[[ Extracted material open ]]

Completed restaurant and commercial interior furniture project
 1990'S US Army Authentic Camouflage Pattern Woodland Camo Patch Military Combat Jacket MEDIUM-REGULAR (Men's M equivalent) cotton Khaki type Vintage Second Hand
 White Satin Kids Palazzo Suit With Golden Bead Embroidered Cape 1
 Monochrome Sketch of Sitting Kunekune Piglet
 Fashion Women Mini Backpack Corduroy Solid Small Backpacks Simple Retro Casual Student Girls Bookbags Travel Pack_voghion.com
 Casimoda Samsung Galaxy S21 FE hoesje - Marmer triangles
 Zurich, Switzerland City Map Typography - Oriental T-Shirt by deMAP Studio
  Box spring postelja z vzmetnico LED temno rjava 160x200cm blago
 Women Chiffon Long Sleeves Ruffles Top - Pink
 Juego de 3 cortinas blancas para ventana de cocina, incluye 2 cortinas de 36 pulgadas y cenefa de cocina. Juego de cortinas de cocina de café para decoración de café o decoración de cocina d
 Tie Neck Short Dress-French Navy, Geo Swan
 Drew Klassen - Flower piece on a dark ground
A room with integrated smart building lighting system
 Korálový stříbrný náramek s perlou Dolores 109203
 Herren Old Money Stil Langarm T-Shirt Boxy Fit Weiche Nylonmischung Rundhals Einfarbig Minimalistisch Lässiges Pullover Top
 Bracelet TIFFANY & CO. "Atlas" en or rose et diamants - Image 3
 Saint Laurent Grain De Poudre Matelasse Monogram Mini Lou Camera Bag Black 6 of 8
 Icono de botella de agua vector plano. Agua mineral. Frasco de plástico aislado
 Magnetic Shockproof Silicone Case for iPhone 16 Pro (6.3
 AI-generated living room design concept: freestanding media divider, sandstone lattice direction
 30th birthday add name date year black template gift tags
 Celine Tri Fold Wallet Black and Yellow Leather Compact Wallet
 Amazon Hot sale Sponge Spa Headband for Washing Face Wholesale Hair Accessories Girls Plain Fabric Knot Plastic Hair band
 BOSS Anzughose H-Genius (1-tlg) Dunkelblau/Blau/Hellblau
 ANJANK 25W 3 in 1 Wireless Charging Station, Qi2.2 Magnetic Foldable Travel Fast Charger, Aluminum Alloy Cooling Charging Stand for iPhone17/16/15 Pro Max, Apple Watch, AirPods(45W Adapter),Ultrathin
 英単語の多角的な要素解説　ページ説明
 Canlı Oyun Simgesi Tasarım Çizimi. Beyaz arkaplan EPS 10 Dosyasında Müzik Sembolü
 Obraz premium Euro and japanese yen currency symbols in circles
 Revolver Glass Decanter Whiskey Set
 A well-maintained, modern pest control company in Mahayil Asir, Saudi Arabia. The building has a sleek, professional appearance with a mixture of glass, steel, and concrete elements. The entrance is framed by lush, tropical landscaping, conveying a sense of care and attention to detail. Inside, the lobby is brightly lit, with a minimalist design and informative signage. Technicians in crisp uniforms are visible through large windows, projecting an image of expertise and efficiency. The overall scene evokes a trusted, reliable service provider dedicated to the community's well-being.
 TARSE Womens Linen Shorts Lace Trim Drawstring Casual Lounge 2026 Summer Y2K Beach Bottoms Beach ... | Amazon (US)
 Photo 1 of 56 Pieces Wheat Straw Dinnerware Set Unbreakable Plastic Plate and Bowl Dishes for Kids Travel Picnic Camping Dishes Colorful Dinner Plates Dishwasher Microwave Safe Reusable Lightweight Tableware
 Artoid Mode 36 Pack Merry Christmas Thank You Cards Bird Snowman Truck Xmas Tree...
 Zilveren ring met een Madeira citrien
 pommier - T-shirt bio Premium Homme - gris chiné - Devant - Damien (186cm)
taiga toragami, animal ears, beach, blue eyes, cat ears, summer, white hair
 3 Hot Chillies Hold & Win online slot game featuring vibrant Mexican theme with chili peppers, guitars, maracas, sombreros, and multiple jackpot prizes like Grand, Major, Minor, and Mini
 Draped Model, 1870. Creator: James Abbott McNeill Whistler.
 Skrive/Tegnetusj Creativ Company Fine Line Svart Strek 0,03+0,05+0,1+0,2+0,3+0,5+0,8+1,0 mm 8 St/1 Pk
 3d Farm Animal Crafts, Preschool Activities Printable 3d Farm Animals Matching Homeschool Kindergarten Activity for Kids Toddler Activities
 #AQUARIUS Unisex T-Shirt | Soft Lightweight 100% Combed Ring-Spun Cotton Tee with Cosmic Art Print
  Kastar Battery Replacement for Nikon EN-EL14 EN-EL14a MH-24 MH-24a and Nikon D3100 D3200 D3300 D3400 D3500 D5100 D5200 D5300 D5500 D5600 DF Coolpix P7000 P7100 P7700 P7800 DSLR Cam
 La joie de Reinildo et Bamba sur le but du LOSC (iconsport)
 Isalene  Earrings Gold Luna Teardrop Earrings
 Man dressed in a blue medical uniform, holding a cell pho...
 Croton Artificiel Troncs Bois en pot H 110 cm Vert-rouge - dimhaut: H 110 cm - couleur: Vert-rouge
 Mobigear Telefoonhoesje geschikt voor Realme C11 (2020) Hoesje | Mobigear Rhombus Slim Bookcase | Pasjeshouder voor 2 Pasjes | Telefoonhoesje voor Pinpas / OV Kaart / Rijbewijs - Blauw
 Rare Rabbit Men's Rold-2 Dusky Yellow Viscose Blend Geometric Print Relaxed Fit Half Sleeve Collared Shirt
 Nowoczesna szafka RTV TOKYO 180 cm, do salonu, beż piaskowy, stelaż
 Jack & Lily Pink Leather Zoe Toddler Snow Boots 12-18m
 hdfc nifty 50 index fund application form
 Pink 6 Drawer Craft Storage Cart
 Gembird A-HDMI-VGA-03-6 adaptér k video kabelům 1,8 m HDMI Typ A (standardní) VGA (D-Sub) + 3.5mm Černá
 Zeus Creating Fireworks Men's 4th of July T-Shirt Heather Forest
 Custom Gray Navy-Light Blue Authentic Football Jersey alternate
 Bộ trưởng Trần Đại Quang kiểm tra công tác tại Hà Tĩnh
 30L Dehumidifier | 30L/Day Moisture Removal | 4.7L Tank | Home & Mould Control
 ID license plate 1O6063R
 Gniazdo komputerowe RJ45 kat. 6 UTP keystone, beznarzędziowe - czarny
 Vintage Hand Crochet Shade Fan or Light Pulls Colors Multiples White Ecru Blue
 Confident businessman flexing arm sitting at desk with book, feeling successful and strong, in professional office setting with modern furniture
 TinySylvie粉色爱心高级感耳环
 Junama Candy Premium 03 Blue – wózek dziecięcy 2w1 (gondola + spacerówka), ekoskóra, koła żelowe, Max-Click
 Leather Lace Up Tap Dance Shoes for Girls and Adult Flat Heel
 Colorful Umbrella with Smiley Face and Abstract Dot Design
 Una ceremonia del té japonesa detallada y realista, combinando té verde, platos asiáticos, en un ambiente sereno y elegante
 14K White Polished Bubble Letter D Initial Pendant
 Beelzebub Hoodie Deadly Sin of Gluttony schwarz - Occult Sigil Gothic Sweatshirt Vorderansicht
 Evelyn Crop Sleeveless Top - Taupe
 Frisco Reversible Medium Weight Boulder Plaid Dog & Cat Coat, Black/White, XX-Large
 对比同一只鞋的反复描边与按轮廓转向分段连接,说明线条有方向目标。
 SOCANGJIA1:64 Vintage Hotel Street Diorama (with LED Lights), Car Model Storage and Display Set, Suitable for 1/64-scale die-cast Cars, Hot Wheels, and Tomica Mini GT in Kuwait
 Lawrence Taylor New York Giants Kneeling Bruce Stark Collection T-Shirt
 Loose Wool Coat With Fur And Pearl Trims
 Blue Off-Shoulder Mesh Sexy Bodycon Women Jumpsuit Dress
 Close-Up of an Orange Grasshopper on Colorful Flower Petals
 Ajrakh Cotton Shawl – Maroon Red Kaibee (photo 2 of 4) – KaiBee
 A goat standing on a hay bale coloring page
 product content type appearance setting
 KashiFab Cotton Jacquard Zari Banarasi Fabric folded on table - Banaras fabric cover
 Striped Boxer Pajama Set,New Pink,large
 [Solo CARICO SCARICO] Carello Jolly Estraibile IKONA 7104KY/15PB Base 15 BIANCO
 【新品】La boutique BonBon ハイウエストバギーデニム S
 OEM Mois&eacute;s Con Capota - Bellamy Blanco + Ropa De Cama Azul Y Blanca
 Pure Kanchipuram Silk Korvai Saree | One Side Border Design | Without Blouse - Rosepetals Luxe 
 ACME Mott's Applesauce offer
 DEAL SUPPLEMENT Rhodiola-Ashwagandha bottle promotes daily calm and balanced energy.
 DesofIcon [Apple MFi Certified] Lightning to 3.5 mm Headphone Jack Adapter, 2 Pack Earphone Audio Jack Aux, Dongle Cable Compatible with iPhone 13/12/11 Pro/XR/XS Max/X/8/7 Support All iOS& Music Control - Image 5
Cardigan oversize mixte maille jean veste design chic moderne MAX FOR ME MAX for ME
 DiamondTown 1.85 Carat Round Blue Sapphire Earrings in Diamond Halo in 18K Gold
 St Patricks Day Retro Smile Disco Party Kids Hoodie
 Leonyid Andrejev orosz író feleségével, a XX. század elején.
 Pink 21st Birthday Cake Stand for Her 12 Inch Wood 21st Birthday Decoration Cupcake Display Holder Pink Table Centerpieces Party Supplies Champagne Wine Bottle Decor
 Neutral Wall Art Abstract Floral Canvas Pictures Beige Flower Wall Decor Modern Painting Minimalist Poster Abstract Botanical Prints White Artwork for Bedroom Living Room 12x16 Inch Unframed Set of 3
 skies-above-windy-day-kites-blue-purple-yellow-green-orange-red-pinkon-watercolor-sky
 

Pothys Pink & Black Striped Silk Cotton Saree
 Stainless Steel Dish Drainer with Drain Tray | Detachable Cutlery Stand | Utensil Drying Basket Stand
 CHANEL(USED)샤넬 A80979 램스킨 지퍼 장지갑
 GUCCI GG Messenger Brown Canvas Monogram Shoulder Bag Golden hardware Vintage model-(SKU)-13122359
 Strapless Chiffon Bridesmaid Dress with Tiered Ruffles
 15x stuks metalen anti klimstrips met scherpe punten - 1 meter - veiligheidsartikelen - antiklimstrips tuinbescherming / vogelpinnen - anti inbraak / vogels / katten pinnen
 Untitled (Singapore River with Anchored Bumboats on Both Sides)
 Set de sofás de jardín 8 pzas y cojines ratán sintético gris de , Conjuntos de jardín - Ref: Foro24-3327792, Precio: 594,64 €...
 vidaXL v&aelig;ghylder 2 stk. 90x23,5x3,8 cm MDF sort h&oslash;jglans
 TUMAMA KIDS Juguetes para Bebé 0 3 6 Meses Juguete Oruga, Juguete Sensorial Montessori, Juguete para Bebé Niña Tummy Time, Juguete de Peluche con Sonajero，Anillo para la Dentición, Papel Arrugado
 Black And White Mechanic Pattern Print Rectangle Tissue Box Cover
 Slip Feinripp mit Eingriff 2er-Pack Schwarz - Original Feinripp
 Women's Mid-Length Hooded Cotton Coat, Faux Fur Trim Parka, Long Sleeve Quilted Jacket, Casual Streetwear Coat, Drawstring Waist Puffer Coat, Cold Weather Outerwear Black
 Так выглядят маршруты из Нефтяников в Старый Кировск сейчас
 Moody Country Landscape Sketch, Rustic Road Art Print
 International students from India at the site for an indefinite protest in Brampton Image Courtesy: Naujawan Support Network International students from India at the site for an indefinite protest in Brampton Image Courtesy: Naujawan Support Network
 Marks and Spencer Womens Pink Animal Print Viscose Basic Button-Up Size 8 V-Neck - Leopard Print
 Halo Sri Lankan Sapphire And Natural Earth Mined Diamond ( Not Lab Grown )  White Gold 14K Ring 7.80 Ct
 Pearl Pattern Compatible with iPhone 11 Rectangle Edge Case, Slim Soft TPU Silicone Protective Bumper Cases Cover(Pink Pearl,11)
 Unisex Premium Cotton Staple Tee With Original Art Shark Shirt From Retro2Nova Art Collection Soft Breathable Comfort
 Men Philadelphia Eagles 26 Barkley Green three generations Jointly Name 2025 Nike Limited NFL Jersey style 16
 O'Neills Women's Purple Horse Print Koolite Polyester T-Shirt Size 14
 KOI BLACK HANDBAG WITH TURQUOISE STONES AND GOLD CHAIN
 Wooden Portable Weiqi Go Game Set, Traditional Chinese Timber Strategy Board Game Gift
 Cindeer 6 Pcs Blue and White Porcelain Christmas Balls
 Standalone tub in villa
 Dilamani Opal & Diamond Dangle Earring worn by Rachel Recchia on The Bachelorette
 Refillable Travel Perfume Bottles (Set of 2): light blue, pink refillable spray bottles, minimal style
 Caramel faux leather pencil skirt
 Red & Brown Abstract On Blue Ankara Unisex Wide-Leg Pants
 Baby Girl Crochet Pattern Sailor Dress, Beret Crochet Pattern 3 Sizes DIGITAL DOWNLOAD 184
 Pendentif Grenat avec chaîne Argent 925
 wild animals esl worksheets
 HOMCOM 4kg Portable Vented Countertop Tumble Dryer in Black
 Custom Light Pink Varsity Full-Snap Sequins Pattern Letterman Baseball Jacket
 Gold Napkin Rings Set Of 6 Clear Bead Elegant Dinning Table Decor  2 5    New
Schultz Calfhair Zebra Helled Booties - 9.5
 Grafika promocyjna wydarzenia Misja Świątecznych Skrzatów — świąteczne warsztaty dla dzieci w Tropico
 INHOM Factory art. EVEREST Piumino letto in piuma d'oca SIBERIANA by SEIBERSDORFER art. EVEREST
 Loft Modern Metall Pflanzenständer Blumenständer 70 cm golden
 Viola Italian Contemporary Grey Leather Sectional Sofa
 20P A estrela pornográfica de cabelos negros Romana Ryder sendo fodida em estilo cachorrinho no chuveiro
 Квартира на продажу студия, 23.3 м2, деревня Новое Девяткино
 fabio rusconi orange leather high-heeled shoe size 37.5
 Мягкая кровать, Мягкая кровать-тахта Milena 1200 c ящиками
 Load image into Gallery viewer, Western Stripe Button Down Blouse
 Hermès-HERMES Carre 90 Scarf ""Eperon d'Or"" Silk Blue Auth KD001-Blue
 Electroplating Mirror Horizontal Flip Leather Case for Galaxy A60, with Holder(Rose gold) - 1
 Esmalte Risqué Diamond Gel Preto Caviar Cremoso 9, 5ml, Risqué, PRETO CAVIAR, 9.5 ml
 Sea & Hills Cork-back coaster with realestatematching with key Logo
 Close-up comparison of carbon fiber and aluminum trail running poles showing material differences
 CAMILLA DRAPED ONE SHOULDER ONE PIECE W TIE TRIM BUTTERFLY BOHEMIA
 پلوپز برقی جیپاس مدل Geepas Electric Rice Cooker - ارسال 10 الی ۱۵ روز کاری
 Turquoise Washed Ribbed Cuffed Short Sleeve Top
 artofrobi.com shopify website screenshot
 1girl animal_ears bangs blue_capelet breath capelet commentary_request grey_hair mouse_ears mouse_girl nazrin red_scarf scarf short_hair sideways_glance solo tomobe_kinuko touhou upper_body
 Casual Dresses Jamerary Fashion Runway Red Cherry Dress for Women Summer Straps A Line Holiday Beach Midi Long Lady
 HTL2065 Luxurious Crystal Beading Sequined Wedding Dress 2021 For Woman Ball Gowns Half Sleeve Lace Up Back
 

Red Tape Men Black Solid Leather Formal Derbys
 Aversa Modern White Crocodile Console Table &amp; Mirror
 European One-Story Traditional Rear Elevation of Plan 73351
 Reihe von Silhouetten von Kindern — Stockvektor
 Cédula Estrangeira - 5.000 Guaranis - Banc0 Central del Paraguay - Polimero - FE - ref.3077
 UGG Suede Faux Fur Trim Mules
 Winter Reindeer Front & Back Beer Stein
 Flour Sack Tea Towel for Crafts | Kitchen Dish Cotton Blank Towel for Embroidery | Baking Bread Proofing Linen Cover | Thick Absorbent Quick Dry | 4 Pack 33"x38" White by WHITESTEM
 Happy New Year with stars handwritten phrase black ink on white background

[[ Extracted material closed ]]

[Activity] Would you please write out, exactly and with no other lines, the stretch of the listing above from the line containing "Una ceremonia del" through the line containing "Frisco Reversible Medium"?

[Your solution]
 Una ceremonia del té japonesa detallada y realista, combinando té verde, platos asiáticos, en un ambiente sereno y elegante
 14K White Polished Bubble Letter D Initial Pendant
 Beelzebub Hoodie Deadly Sin of Gluttony schwarz - Occult Sigil Gothic Sweatshirt Vorderansicht
 Evelyn Crop Sleeveless Top - Taupe
 Frisco Reversible Medium Weight Boulder Plaid Dog & Cat Coat, Black/White, XX-Large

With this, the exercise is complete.